Although she wasn’t sure what to expect from the training, Sherwood said she enjoyed the experience.
“I was impressed with how realistic and detailed this training is compared to real-live missions our Soldiers encounter when they are downrange,” she said. “The (simulator) is as real as it gets without actually being downrange.”
Another participant, Virginia Cooper, Army Community Service Information and Referral Program manager, was tasked with being the team leader for one of the missions.
“The training was awesome,” she said. “At first I was a little intimidated, and to a point I still am, (but) it exceeded my expectations.”
Cooper said the training gave her a better respect for service members, especially the command.

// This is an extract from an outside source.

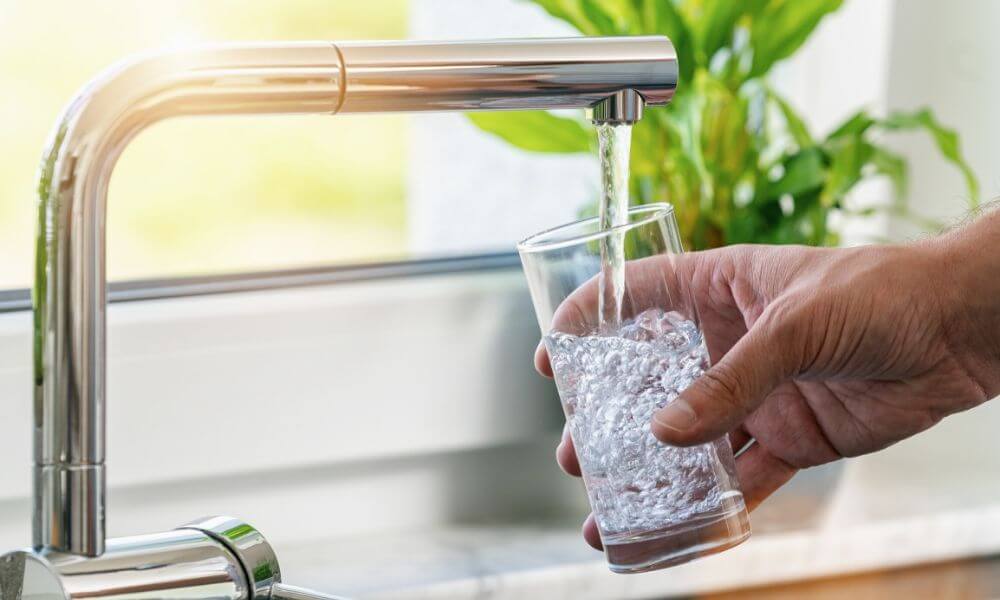 Máy lọc nước là một trong những phương pháp hiệu quả nhất có thể xử lý Flo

“I never thought about the stress of having that many people and their safety on one person’s shoulders,” she said. “The second thing I got from the training is the importance of (leaders’) decisions and actions and how it could affect others, even if it was just a simulation.”
Sherwood also said the training gave her a better idea of what Soldiers do and how they train for combat.
“Today, Soldiers can train as if they are in actual combat scenarios, preparing them better for what they are sent out to do,” she said. “I definitely have a new perspective on what our Soldiers are doing day in and day out and the kind of training they receive, readying them to accomplish their mission.”
Cooper agreed, adding that she plans to carry her experience over into her civilian life and how she leads others.
“This brought home the danger the (Soldiers) face and the importance of making sure they are properly trained to go on missions,” she said.
“My own son is deploying in September, and although I may never go through what he will go through, this has changed how I will support him, our Fort Drum service members and their Families,” Cooper added. “These guys (are under) a lot of stress, and they should not have to worry about home.”